The researchers then investigated which of these two pathways is involved in "working memory" for higher brain functions involving the dorsolateral prefrontal cortex. Because nerve activity can be blocked by agonists, they administered agonists to the caudate or medial dorsal nucleus, blocking those pathways. While each was blocked, monkeys were assigned a task to test their working memory function. In the "working memory" test, food was placed ahead of time in the left or right hole of an experimental apparatus in front of the monkeys. The box was then closed and curtained off, and after a time delay (0.5–30 s), the monkeys were tasked with finding the food. The results showed that when the neural activity of the dorsolateral prefrontal cortex–medial dorsal nucleus pathway was blocked, the correct answer rate reduced greatly, and working memory was impaired. The rate of correct answers did not decrease upon blocking the dorsolateral prefrontal–caudate pathway, and the rate of correct answers remained high.

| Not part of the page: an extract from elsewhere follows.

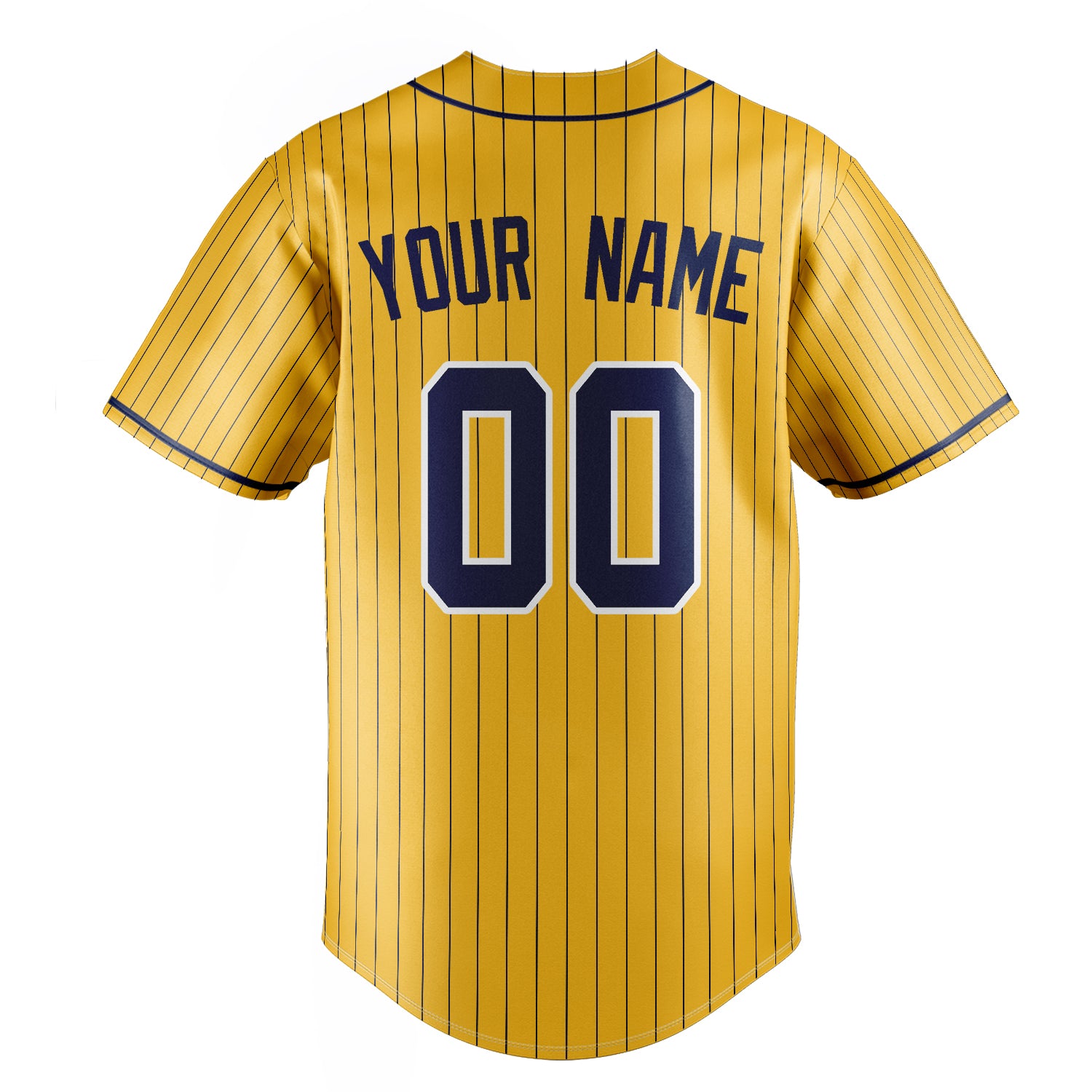 Personalized Yellow & Royal Royal Pinstripe Fan Baseball Jersey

Next, to test which pathways are involved in decision-making, the monkeys were assigned a separate task that tested their decision-making skills, and different pathways were blocked. Previous studies have found that the right brain hemisphere is strongly involved when choosing something on the left, and the left brain hemisphere is strongly involved when choosing something on the right. Thus, in the decision-making test, an agonist was administered to one side of the caudate or medial dorsal nucleus of the thalamus to block one side of the neural pathway. Monkeys were shown a box with two holes, both containing food, and were tasked with picking one. Blocking the dorsolateral prefrontal–caudate pathway altered the monkeys’ choice behavior. Blocking the caudate nucleus on the left significantly increased the frequency of choosing the left hole; conversely, blocking the caudate nucleus on the right significantly increased the frequency of choosing the right hole. Monkeys whose dorsolateral prefrontal–thalamic medial dorsal nucleus pathways were blocked did not exhibit this bias, and they chose the left and right holes with approximately equal preference, just like monkeys in which the pathways were unblocked.
These experimental results revealed that the working memory was processed in the dorsolateral prefrontal–medial dorsal nucleus pathway, and decision-making was processed in the dorsolateral prefrontal–caudate pathway. Since the technique used in this study can be applied to other brain sites, it is expected to contribute significantly to the understanding of higher brain functions of humans and clarifying mechanisms of psychiatric and neurological diseases, which have been difficult until now. "In the future, we hope to clarify the functions of other body parts through this approach," said Dr. Minamimoto. "We are also working to create models of diseases with impulsive symptoms, such as ADHD, and hope to apply these techniques to discover therapeutic agents for these symptoms."